Immigrant workers are also feeling the effect of the weakening dollar. For Mexicans this means that the $7.3-billion sent home in the first four months of the year lost about $366-million in value for Mexican recipients.
The falling remittances are only partly due to lost wages, experts say. A hostile domestic immigration debate and tougher law enforcement activity are discouraging would-be migrant workers. More immigrants are switching to Europe to look for jobs.
"The declining economic conditions have removed incentives for migration to the U.S. and directed migration flows to other countries, Spain for example," said Kai Schmitz, a vice president at Microfinance International Corp., a money transfer processing company in Washington.

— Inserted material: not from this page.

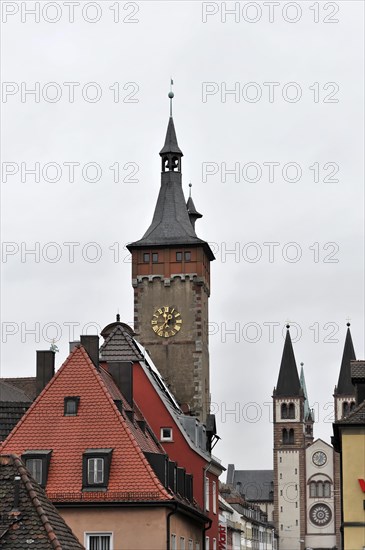 Wuerzburg, view of medieval towers with clocks, surrounded by colourful roofs and tiles, Wuerzburg, Lower Franconia, Bavaria, Germany, Europe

Finding work is so hard that many immigrants are giving up on the U.S. job market and going home. Buses leave south and central Florida every day for the border. "We used to sell five or six tickets a month. Now they are sold out," said Rodriguez, who is from a small village near the city of Ixmiquilpan in Hidalgo.
"Sometimes you have to wait three or four days to find a seat."
Oscar Martinez says he is saving up to go home. Back in Nicaragua he worked in the rice fields, earning about $100 a month. While the pay wasn't so good, hard times in Miami have made him homesick. "Even though I wasn't earning a lot, I felt better there," he said.
The ripple effect is beginning to be felt in Mexico, too, especially in those communities most dependent on remittances. "It's causing economic chaos back there," Rodriguez said. "Ixmiquilpan is a city in paralysis."